Arguments for the use of the margin of error
- For casual comparisons of different polls, it is helpful to define a benchmark (99 % confidence interval radius for an estimated percentage of 50 %) that reflects the sampling variance of the poll.
- Sampling variance does not decrease linearly with increasing numbers of respondents (it decreases by the square root of N), so using the number of respondents as an inverse measure of standard error might be confusing.
- If two polls are separated by more than a margin of error, then we can state with high certainty (depending on confidence) that the larger value is in fact larger in the population, without any complex calculations.

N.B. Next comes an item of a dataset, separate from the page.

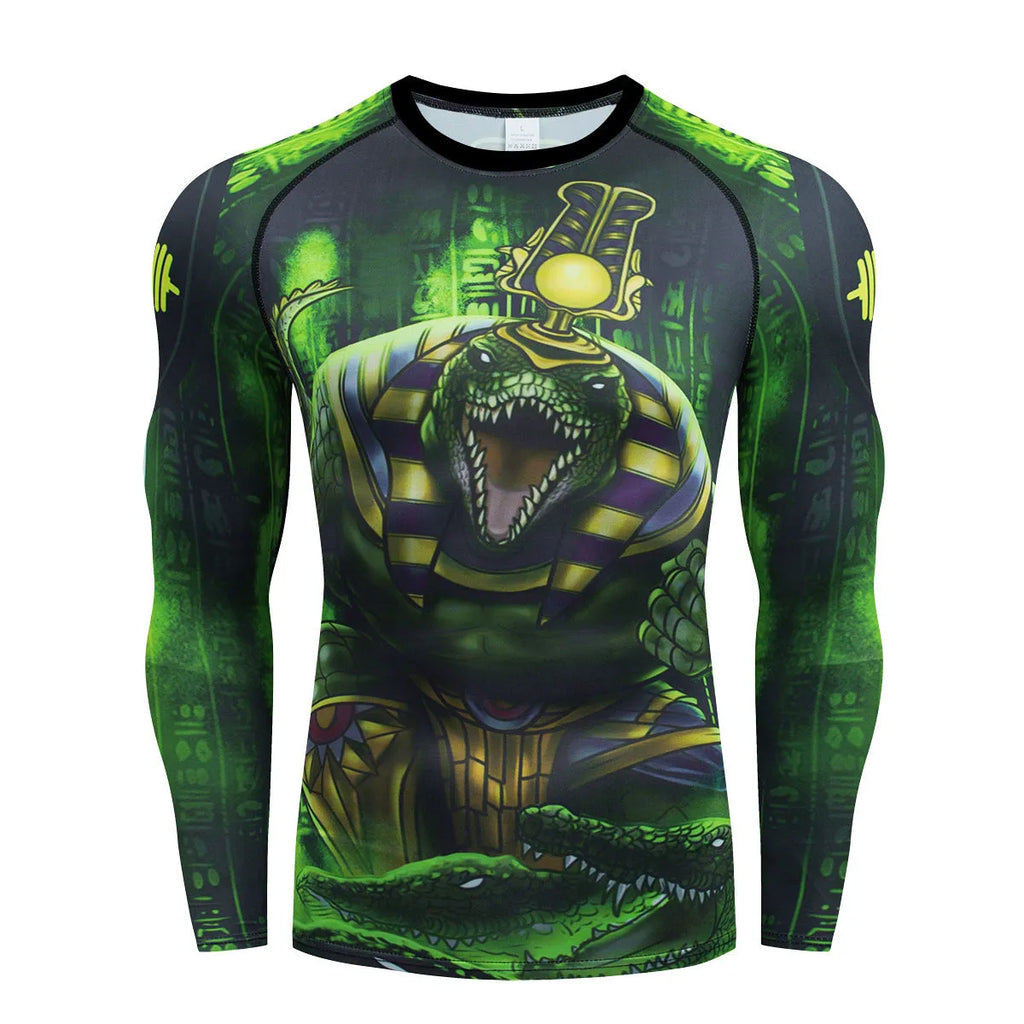 Grey printed men's slim-fit long sleeve sports top and matching trousers set for gym and running.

Arguments against the use of the margin of error
- The margin of error is a simple transformation of the number of respondents into an ambiguous term that is neither a "margin" nor the whole of "error".

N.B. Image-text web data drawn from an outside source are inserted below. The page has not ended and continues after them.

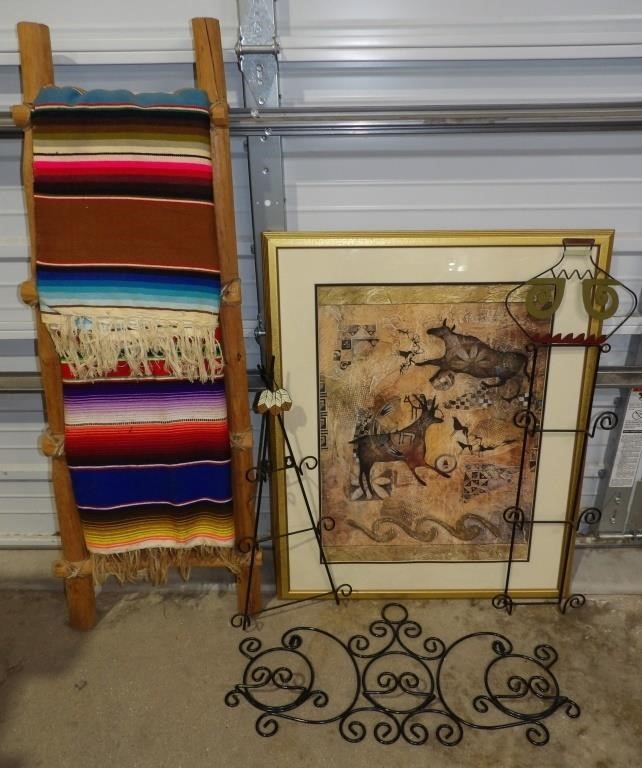 4ft. Ladder w/ 2 Western Blankets, Print, Racks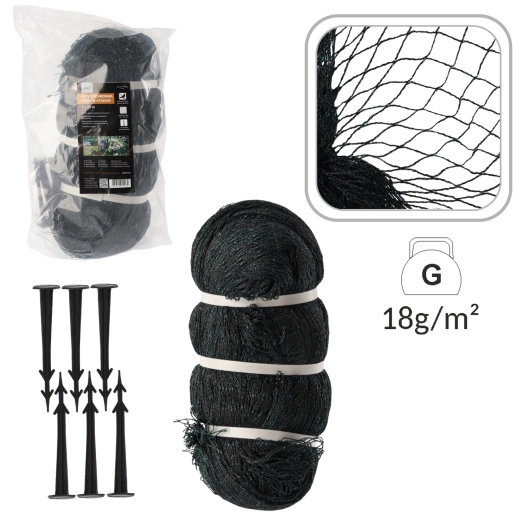 Siatka ochronna przeciw ptakom 5 × 10 m, 18 g/m² + 10 plastikowych kołków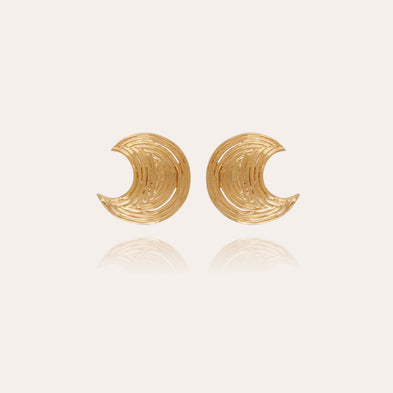 Boucles d'oreilles puces Luna Wave dorées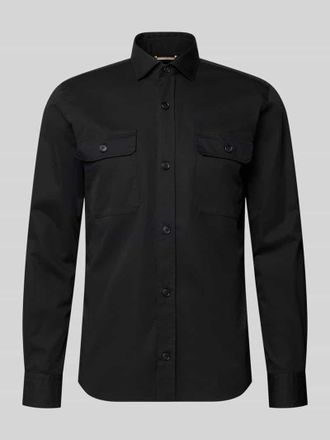 HUGO BOSS Regular Fit Overshirt aus Baumwoll-Lyocell-Mix Modell H-ROB-SP-2P-263 in Black, Gr&ouml;&szlig;e XXL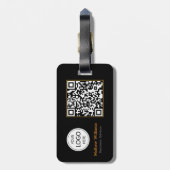 QR Code Business Logo, modern | Zwart Bagagelabel (Achterkant verticaal)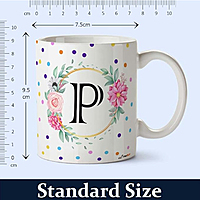 Printed Design Letters Personal Ceramic Cup (P) - Alphabet Colorful Dots and Floral Coffee Cup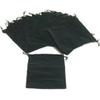 (10) Large Velvet Black Pouches With Drawstrings view 2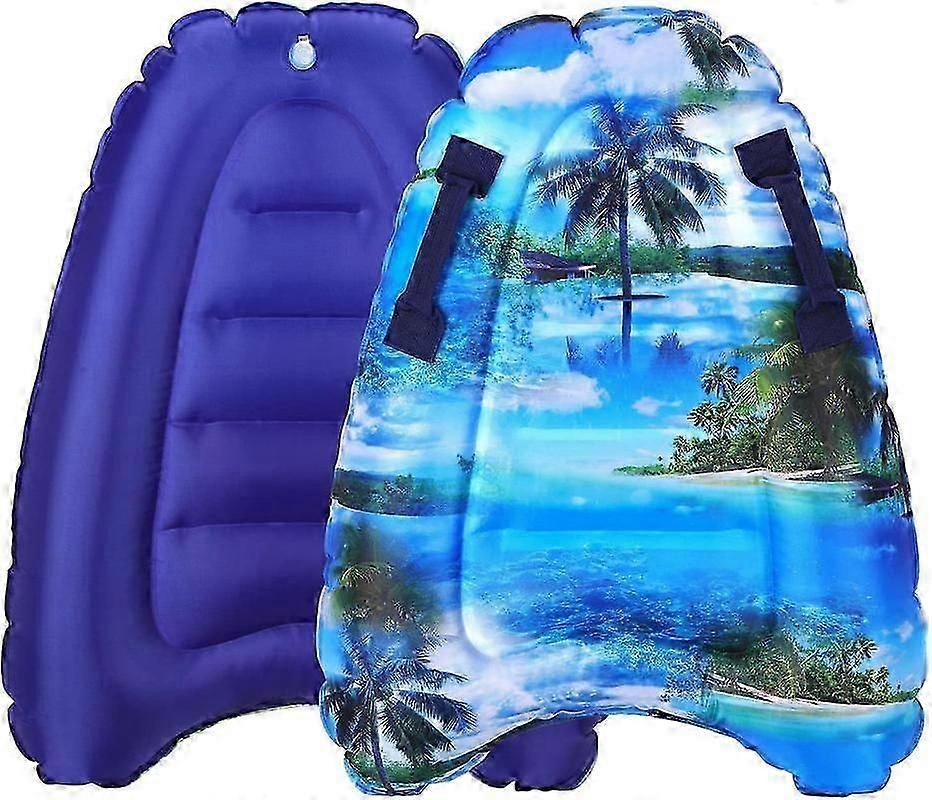 Inflatable Surfing Bodyboard, Portable Floating Surf Board Slip Pool Mat with Handles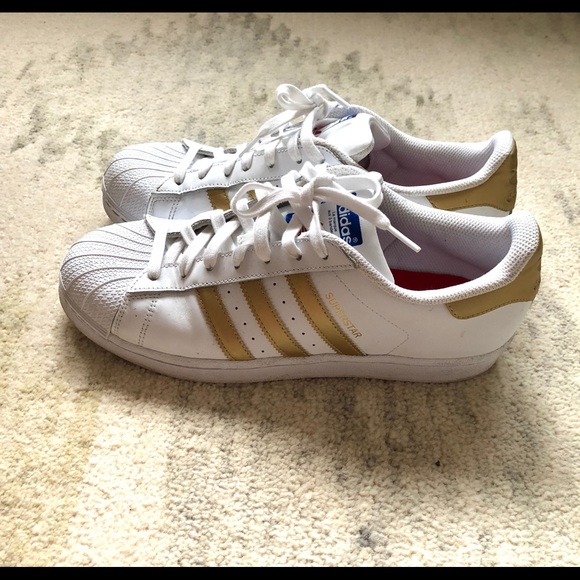 adidas Shoes | Adidas Superstar Gold Sneakers | Poshmark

- The margin of error is being confused with the confidence interval of reported percentages.
- The 99 % confidence interval radius is smaller than the margin of error for any percentage besides 50 %.
- It is much smaller and more asymmetric for very high and very low percentages.

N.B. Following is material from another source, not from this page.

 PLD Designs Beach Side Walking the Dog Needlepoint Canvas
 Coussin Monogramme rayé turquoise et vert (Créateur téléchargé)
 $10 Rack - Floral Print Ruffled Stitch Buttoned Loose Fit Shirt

- It is not a "margin" at all; the probability of the true percentage being outside the margin of error is low but nonzero.
- There is no agreed-upon confidence level. Most pollsters use 99 %, but many use 95 % or 90 %; this makes their polls look more accurate.
- When the purpose of polls is to compare percentages, the use of the margin of error is tempting, but is inappropriate if the two intervals overlap.
- Perhaps most importantly, there are many different sources of error in polling, and variance due to sample size is not likely to be the only contribution. Other possible contributions to error include:
- Sampling bias, when the sample is not a representative sample from the population of interest. In particular, certain people may choose not to participate.
- The phrasing of the question may not be appropriate for the conclusions of the poll.
- Response error (Sudman & Bradburn, 1982)
- Deliberate distortion (fear of consequences, social desirability, response acquiescence).
- Misconstrual (not understanding the question).
- Lack of knowledge (guessing to try to be helpful).
Margin of error and population size
An interesting mathematical fact is that the margin of error depends only on the sample size and not on the population size, provided that the population is significantly larger than the sample size, and provided all or nearly all members of the population are approximately equally likely to be included in the sample. Thus for instance, the poll in the running example with 1,013 randomly sampled registered voters would yield essentially the same margin of error (4% with a 99% level of confidence) regardless of whether the population of registered voters consisted of 100,000 people or 100,000,000 people.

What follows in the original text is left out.